**INSTRUCTIONS FOR THE TASK**
Keep the text of the data exactly as it is and omit each picture from the copy.
**** SUPPLIED DATA ****
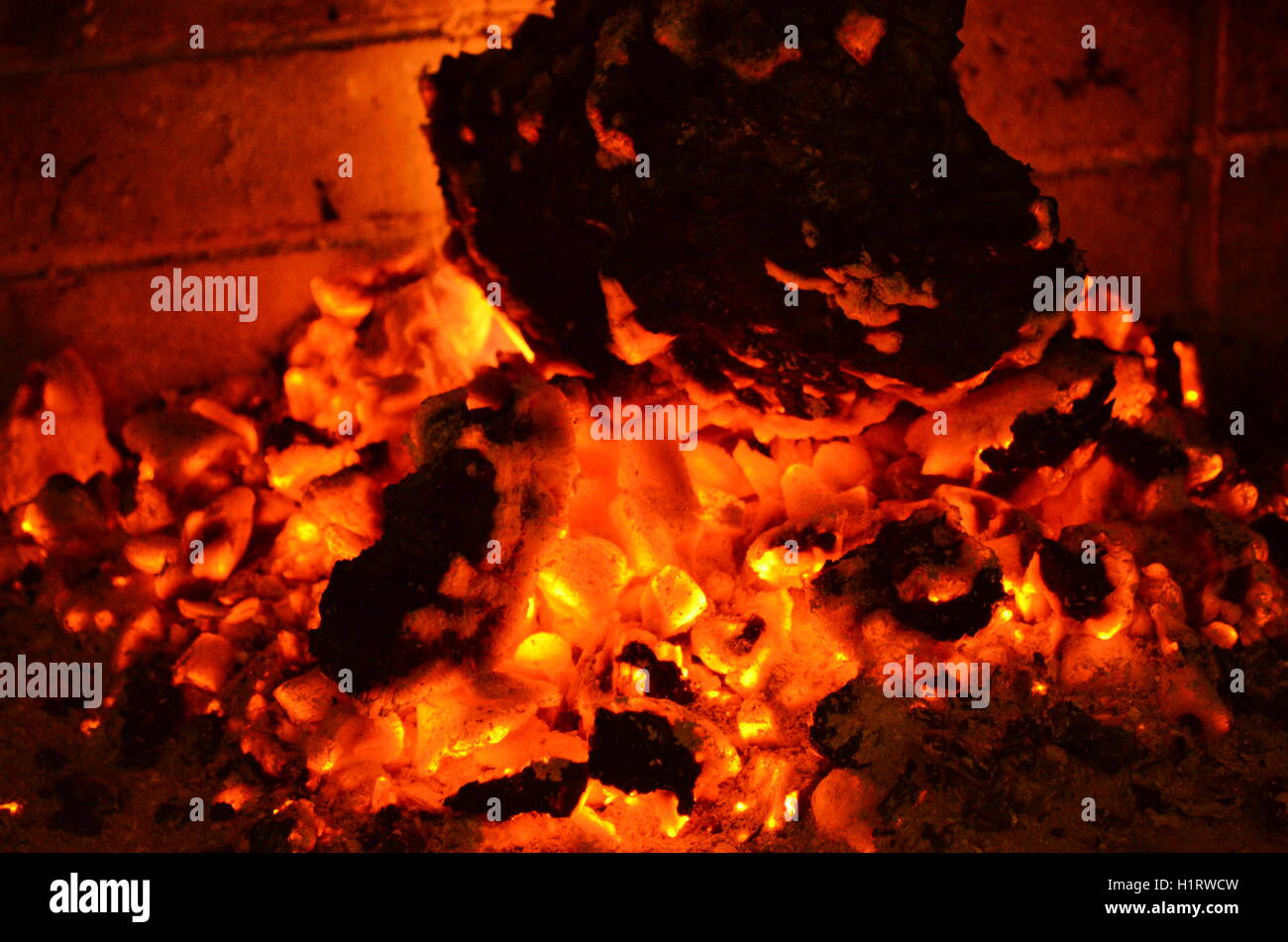 A big burning fire in the fireplace gives off a lot of heat Stock Photo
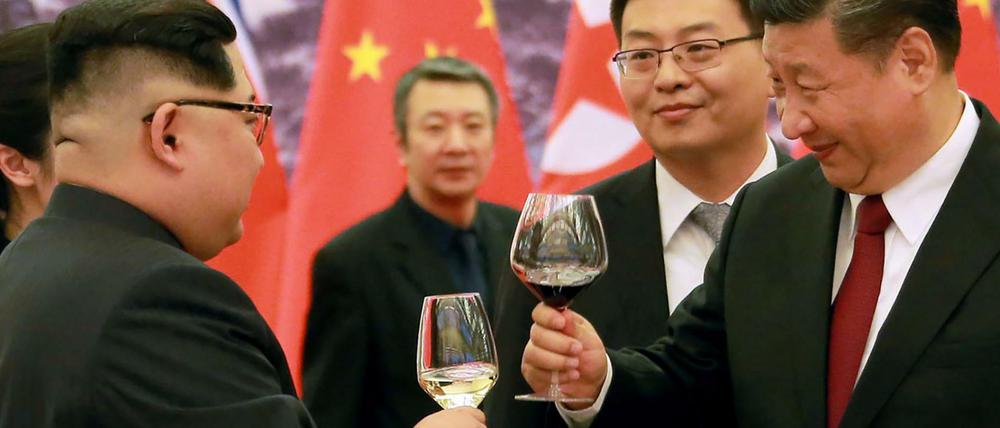 Kim Jong Un und Xi Jinping in Peking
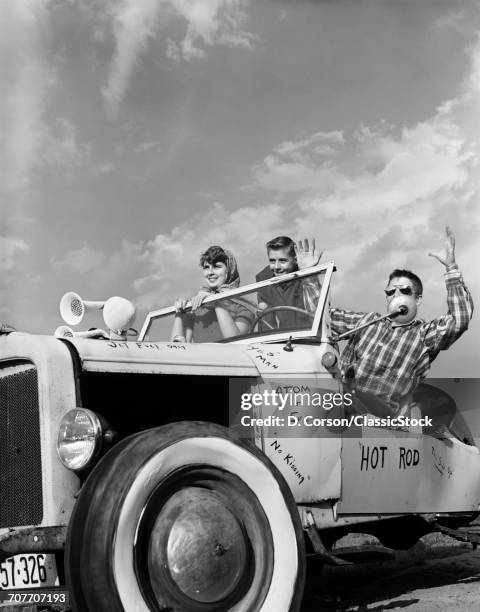 1950s TEENS IN ROOFLESS HOTROD WITH GRAFFITI ATOM & EVE NO KISSING ETC.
****
**ANSWER FOR THE TASK**
 A big burning fire in the fireplace gives off a lot of heat Stock Photo
 Kim Jong Un und Xi Jinping in Peking
 1950s TEENS IN ROOFLESS HOTROD WITH GRAFFITI ATOM & EVE NO KISSING ETC.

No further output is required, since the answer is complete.